Reputation: 59
I have created a function to search for the contexts of a given word(w) in a text, with left and right as parameters for flexibility in the number of words to record.
import re
def get_context (text, w, left, right):
text.insert (0, "*START*")
text.append ("*END*")
all_contexts = []
for i in range(len(text)):
if re.match(w,text[i], 0):
if i < left:
context_left = text[:i]
else:
context_left = text[i-left:i]
if len(text) < (i+right):
context_right = text[i:]
else:
context_right = text[i:(i+right+1)]
context = context_left + context_right
all_contexts.append(context)
return all_contexts
So for example if a have a text in the form of a list like this:
text = ['Python', 'is', 'dynamically', 'typed', 'language', 'Python', 'functions', 'really', 'care', 'about', 'what', 'you', 'pass', 'to', 'them', 'but', 'you', 'got', 'it', 'the', 'wrong', 'way', 'if', 'you', 'want', 'to', 'pass', 'one', 'thousand', 'arguments', 'to', 'your', 'function', 'then', 'you', 'can', 'explicitly', 'define', 'every', 'parameter', 'in', 'your', 'function', 'definition', 'and', 'your', 'function', 'will', 'be', 'automagically', 'able', 'to', 'handle', 'all', 'the', 'arguments', 'you', 'pass', 'to', 'them', 'for', 'you']
The function works fine for example:
get_context(text, "function",2,2)
[['language', 'python', 'functions', 'really', 'care'], ['to', 'your', 'function', 'then', 'you'], ['in', 'your', 'function', 'definition', 'and'], ['and', 'your', 'function', 'will', 'be']]
Now I am trying to build a dictionary with the contexts of every word in the text doing the following:
d = {}
for w in set(text):
d[w] = get_context(text,w,2,2)
But I am getting this error.
Traceback (most recent call last):
File "<pyshell#32>", line 2, in <module>
d[w] = get_context(text,w,2,2)
File "<pyshell#20>", line 9, in get_context
if re.match(w,text[i], 0):
File "/usr/lib/python3.4/re.py", line 160, in match
return _compile(pattern, flags).match(string)

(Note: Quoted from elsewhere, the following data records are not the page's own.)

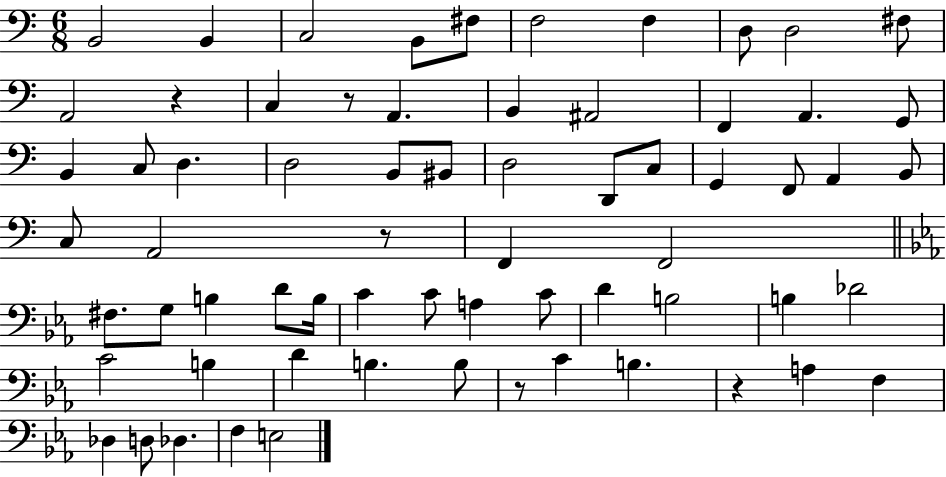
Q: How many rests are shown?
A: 5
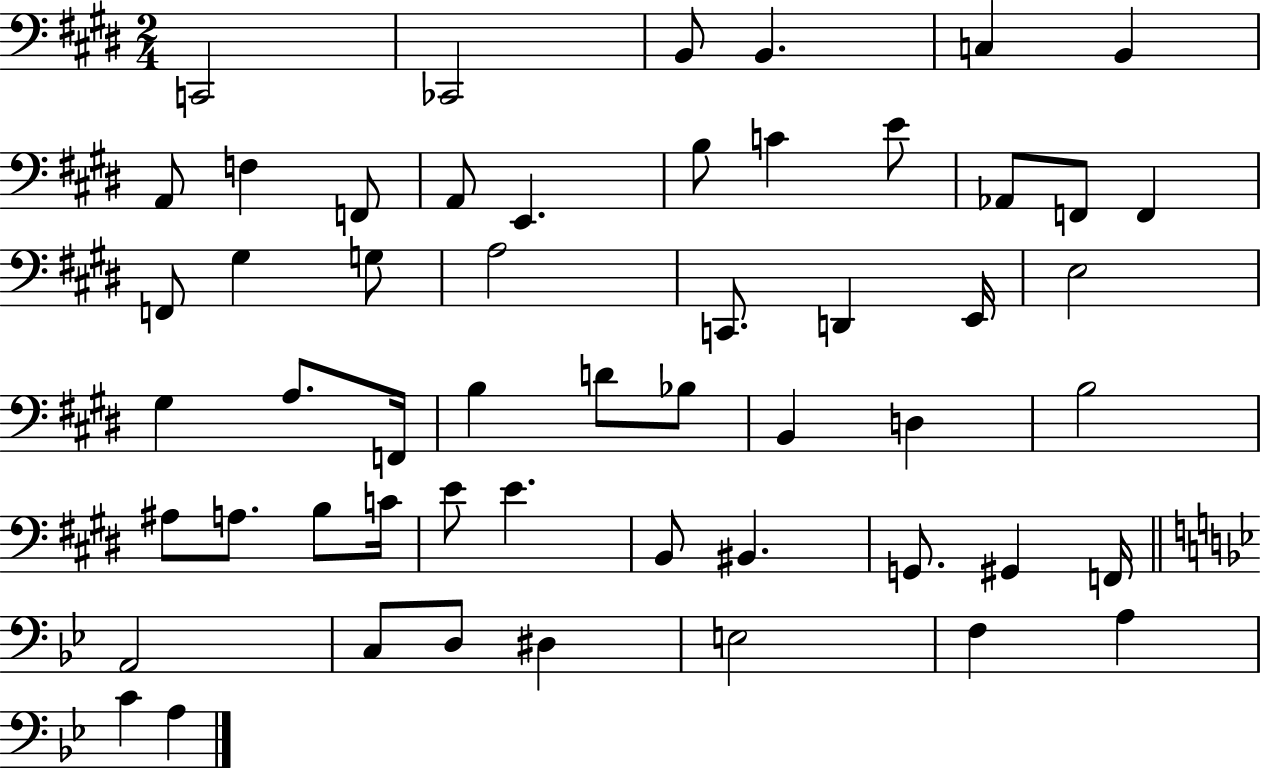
C2/h CES2/h B2/e B2/q. C3/q B2/q A2/e F3/q F2/e A2/e E2/q. B3/e C4/q E4/e Ab2/e F2/e F2/q F2/e G#3/q G3/e A3/h C2/e. D2/q E2/s E3/h G#3/q A3/e. F2/s B3/q D4/e Bb3/e B2/q D3/q B3/h A#3/e A3/e. B3/e C4/s E4/e E4/q. B2/e BIS2/q. G2/e. G#2/q F2/s A2/h C3/e D3/e D#3/q E3/h F3/q A3/q C4/q A3/q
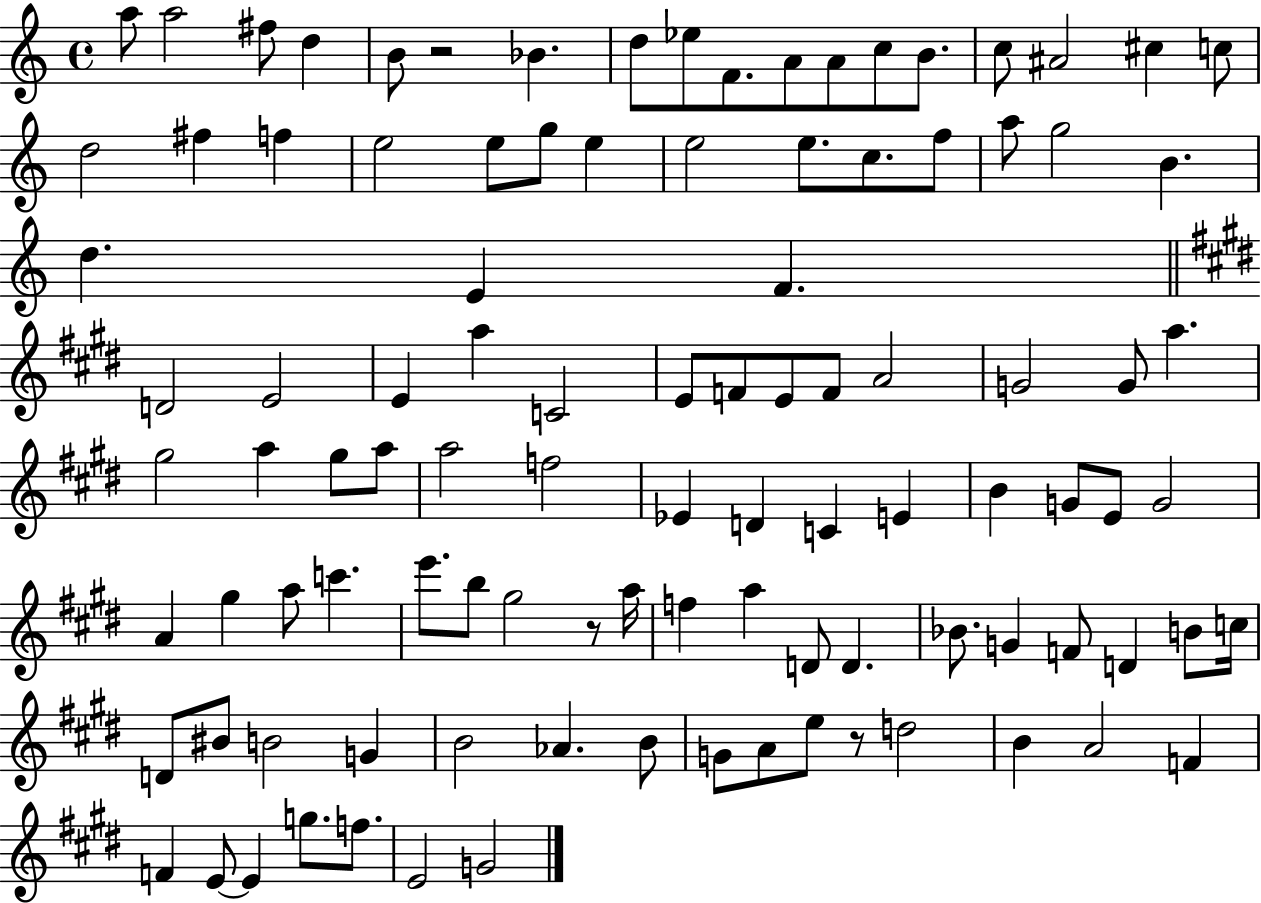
{
  \clef treble
  \time 4/4
  \defaultTimeSignature
  \key c \major
  a''8 a''2 fis''8 d''4 | b'8 r2 bes'4. | d''8 ees''8 f'8. a'8 a'8 c''8 b'8. | c''8 ais'2 cis''4 c''8 | \break d''2 fis''4 f''4 | e''2 e''8 g''8 e''4 | e''2 e''8. c''8. f''8 | a''8 g''2 b'4. | \break d''4. e'4 f'4. | \bar "||" \break \key e \major d'2 e'2 | e'4 a''4 c'2 | e'8 f'8 e'8 f'8 a'2 | g'2 g'8 a''4. | \break gis''2 a''4 gis''8 a''8 | a''2 f''2 | ees'4 d'4 c'4 e'4 | b'4 g'8 e'8 g'2 | \break a'4 gis''4 a''8 c'''4. | e'''8. b''8 gis''2 r8 a''16 | f''4 a''4 d'8 d'4. | bes'8. g'4 f'8 d'4 b'8 c''16 | \break d'8 bis'8 b'2 g'4 | b'2 aes'4. b'8 | g'8 a'8 e''8 r8 d''2 | b'4 a'2 f'4 | \break f'4 e'8~~ e'4 g''8. f''8. | e'2 g'2 | \bar "|."
}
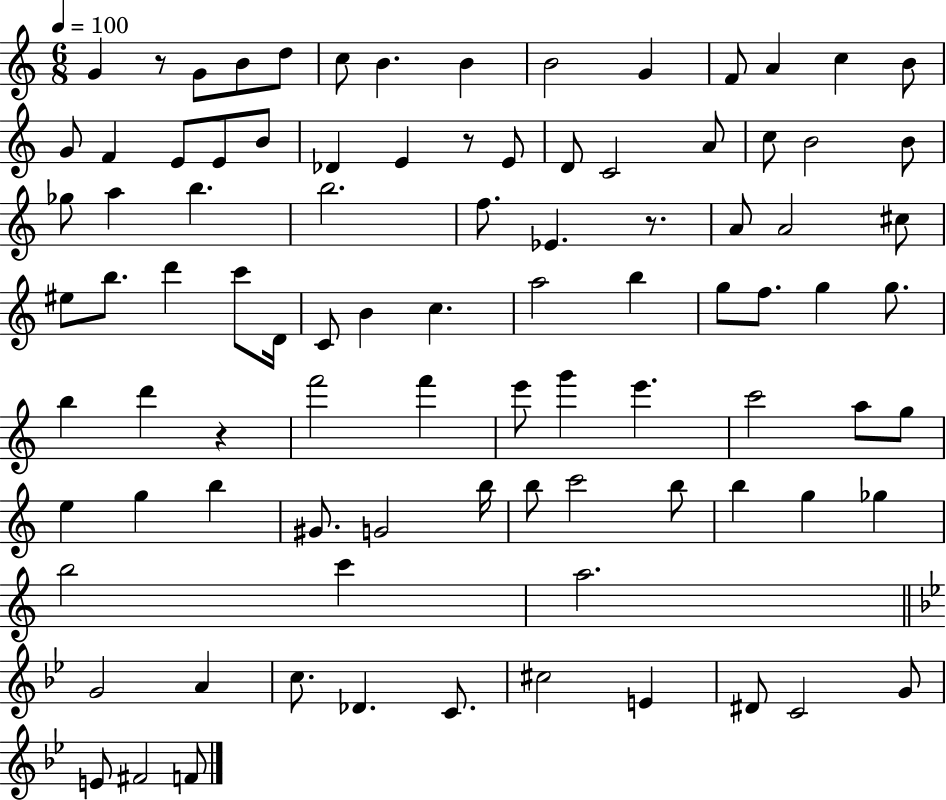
X:1
T:Untitled
M:6/8
L:1/4
K:C
G z/2 G/2 B/2 d/2 c/2 B B B2 G F/2 A c B/2 G/2 F E/2 E/2 B/2 _D E z/2 E/2 D/2 C2 A/2 c/2 B2 B/2 _g/2 a b b2 f/2 _E z/2 A/2 A2 ^c/2 ^e/2 b/2 d' c'/2 D/4 C/2 B c a2 b g/2 f/2 g g/2 b d' z f'2 f' e'/2 g' e' c'2 a/2 g/2 e g b ^G/2 G2 b/4 b/2 c'2 b/2 b g _g b2 c' a2 G2 A c/2 _D C/2 ^c2 E ^D/2 C2 G/2 E/2 ^F2 F/2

File "/usr/lib/python3.4/re.py", line 294, in _compile
p = sre_compile.compile(pattern, flags)
File "/usr/lib/python3.4/sre_compile.py", line 568, in compile
p = sre_parse.parse(p, flags)
File "/usr/lib/python3.4/sre_parse.py", line 760, in parse
p = _parse_sub(source, pattern, 0)
File "/usr/lib/python3.4/sre_parse.py", line 370, in _parse_sub
itemsappend(_parse(source, state))
File "/usr/lib/python3.4/sre_parse.py", line 579, in _parse
raise error("nothing to repeat")
sre_constants.error: nothing to repeat
I don't understand this error. Can anyone help me with this?
Upvotes: 0
Views: 1295
Reputation: 3405
The whole thing can be re-written very succinctly follows,
text = 'Python is dynamically typed language Python functions really care about what you pass to them but you got it the wrong way if you want to pass one thousand arguments to your function then you can explicitly define every parameter in your function definition and your function will be automagically able to handle all the arguments you pass to them for you'
Keeping it a str
, assuming context = 'function',
pat = re.compile(r'(\w+\s\w+\s)functions?(?=(\s\w+\s\w+))')
pat.findall(text)
[('language Python ', ' really care'),
('to your ', ' then you'),
('in your ', ' definition and'),
('and your ', ' will be')]
Now, minor customization will be needed in the regex to allow for, words like say, functional
or functioning
not only function
or functions
. But the important idea is to do away with indexing and go more functional.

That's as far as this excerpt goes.